それは良質な長良川の伏流水を、日々の暮らしのなかで使っているから。
長良川のおいしい水から生まれた、おいしいものを紹介します。
岐阜の町で古くから麩と湯葉を作り続けている専門店があります。創業天保7年(1836年)以来、178年続く老舗「麩兵」です。
6代目店主の川島徹郎さんにお話を伺いました。
「生麩の原料は主にグルテンと水、餅米粉の3つだけです。原料としてお水を使うだけでなく、小麦粉からグルテンを抽出する時、生地を成形し釜で茹でたり蒸す時、釜から上げて流水で冷やす時と、製造にはたくさんの水が必要です。うちではずっと長良川の伏流水、井戸水を使っています」
伏流水とは、川の水が川底に浸透して水脈を作る浅い地下水で、地中の砂などで自然のろ過が行われるため、水質がとても良好。
岐阜の町では上水道の原水や井戸水に、このきれいな水をくみ上げて使用しています。
「岐阜の人は、長良川のお陰で断水や節水を経験したことはほとんどないんじゃないかな。僕たちは豊かでいい水に恵まれていると、川に感謝しています。
それにうちは水をたくさん使う商売だから、ここじゃなきゃやってこられなかったかもしれません」
麩づくりは材料がシンプルだからこそ、その質がとても大切。
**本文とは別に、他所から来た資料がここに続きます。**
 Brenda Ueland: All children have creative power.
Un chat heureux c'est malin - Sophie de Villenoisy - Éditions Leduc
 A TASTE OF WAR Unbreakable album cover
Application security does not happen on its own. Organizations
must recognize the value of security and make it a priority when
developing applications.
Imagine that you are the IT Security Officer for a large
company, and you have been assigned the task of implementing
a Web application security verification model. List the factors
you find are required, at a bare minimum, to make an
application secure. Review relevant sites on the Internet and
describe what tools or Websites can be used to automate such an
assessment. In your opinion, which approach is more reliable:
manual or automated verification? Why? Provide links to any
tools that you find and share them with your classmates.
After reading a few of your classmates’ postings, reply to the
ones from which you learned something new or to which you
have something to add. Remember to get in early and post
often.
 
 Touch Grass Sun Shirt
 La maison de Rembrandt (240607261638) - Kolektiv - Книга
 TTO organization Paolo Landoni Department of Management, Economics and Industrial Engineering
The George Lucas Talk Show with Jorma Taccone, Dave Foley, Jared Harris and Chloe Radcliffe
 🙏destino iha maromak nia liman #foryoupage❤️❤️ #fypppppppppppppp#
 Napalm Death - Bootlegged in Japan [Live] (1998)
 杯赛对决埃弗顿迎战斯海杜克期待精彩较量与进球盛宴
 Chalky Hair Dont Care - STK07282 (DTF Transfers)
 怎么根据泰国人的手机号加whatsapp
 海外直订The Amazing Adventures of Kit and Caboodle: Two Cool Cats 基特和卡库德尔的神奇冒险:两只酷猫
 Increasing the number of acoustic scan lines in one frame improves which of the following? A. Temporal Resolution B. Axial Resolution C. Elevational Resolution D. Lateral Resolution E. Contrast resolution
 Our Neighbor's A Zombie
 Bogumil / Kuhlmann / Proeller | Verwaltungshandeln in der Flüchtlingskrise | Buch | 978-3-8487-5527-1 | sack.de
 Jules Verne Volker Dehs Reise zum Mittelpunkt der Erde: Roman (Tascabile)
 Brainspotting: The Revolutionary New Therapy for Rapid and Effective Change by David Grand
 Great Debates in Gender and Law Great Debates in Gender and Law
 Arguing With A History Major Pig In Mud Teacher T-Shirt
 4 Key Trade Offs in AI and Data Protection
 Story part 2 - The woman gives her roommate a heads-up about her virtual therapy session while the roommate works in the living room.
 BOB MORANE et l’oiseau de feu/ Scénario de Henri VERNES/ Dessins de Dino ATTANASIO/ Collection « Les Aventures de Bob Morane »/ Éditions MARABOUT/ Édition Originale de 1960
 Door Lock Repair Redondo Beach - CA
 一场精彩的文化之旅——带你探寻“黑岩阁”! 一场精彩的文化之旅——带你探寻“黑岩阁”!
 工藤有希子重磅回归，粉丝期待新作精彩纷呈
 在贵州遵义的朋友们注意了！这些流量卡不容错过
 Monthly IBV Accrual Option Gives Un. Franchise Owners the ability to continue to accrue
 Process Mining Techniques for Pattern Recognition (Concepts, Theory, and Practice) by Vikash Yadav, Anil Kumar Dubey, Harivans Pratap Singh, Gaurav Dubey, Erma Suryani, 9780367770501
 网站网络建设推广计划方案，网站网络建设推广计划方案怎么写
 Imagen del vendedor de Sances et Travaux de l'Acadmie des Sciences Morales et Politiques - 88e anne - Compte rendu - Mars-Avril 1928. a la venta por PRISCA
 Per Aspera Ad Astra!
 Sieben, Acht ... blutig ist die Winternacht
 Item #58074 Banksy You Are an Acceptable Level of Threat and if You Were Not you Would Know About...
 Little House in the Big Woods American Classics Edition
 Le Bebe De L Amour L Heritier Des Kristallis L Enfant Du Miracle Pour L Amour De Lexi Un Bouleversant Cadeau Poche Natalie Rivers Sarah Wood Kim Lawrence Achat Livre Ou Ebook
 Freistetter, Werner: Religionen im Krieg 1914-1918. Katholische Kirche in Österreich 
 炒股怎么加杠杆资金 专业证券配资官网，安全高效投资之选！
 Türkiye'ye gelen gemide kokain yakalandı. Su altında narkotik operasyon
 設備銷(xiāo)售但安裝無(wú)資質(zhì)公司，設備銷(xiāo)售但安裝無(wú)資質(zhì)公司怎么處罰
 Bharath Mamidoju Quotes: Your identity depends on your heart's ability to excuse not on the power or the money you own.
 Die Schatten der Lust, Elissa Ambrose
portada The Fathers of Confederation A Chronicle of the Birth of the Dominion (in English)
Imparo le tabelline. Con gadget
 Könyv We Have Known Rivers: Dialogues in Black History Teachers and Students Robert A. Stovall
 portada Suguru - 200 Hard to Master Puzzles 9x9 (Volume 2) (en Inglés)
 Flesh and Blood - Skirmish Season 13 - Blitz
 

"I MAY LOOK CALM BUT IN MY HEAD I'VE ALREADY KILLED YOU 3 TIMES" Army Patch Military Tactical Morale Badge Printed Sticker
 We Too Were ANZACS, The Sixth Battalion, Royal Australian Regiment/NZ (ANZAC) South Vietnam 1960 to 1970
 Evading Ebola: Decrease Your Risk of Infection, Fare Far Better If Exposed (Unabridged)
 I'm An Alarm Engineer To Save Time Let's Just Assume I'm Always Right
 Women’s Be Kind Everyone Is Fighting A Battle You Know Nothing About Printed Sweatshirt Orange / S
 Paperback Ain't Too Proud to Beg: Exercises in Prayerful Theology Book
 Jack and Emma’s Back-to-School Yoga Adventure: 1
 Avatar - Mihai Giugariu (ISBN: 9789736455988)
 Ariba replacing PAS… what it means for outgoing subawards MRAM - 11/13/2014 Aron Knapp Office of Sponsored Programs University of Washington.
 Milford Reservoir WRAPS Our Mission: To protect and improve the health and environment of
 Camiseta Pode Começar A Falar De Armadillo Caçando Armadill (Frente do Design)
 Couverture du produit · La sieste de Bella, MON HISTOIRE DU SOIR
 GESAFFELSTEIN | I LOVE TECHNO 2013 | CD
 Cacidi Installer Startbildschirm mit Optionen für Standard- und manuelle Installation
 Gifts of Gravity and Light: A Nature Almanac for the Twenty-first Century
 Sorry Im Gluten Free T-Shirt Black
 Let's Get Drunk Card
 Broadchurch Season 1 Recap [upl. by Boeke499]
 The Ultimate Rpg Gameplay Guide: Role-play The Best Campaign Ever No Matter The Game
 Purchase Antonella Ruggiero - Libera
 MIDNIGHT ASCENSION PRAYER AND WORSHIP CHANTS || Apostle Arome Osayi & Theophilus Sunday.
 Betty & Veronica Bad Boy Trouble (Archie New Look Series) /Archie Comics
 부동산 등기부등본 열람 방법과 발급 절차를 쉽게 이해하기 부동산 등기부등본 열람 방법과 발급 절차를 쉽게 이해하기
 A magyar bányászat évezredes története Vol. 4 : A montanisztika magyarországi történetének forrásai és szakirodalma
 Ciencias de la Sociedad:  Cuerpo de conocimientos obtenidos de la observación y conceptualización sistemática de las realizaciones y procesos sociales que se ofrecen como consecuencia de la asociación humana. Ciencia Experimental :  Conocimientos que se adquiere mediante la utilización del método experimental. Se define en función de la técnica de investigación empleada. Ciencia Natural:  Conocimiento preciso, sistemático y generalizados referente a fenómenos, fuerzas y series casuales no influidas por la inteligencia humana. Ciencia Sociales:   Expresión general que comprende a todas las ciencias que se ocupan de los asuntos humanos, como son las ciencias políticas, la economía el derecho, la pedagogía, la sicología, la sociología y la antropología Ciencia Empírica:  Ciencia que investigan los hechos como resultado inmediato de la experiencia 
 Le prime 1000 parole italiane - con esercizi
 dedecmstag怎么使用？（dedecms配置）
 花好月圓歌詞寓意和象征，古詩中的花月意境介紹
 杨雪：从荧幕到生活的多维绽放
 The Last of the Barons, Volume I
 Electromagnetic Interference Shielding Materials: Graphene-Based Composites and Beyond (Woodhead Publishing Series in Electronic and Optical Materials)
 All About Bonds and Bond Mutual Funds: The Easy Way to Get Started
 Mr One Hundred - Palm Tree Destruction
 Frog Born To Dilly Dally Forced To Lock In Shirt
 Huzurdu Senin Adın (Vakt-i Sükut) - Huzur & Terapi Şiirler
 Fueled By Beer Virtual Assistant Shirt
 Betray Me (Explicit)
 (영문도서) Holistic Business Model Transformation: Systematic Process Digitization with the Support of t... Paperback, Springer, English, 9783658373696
良質な長良川の水が、おいしい麩を作っているんですね。
お店には定番の生麩が常時10数種類並びます。もちもちの食感が魅力の麩は、煮物やすき焼き、お吸い物などで食されることが多いそう。「うちのは生でも食べられますよ」と川島さん。
青のりやよもぎを入れた生麩で、自家製餡を包んだ麩まんじゅうも人気。こちらは上品な甘さと口当たりでお茶請けにぴったりです。
続いて紹介するのは、長良川の水で作った「長良川サイダー」。
透き通ったボトルと美しいラベルが目を惹く、このサイダーを製造販売しているのが伊奈波商會の金森正親さん。「自分たちが生まれ育ち、暮らしている岐阜のまちは、長良川の恵みがあってこそ。だから川に恩返しがしたいと考えたんです」。
原料となる水は、鏡岩水源地から分けてもらう長良川の伏流水。透明感のある味にこだわり、グラニュー糖で甘味をつける昔ながらの製法で作っています。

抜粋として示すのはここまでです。